- **TRY IT**: Please reply with one number only: how many lines in the entries below contain the string "Necklace".

____ AVAILABLE DATA

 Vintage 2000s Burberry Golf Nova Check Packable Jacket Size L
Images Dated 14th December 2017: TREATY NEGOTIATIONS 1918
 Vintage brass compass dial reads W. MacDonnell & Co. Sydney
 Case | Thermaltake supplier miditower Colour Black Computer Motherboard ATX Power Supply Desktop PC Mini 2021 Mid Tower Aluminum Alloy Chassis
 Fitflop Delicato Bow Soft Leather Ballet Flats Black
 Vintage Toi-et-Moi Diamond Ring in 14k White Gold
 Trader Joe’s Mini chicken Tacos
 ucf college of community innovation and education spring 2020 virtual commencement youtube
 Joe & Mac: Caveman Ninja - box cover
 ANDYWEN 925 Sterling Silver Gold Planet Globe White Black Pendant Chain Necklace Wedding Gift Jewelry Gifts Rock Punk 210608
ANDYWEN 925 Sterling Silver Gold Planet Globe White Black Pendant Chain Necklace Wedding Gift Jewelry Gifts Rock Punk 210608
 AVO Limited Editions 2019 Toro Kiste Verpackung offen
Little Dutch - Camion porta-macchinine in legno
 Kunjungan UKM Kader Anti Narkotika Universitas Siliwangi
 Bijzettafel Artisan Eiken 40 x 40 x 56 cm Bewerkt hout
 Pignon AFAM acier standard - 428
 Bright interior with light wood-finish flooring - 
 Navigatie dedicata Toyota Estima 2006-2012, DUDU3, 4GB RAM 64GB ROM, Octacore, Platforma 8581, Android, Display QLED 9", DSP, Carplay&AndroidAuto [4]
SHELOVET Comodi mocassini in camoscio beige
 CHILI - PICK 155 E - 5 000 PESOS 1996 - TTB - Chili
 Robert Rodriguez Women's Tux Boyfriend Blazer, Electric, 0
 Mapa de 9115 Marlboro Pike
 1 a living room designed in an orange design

________

- **RESPONSE AREA**: 2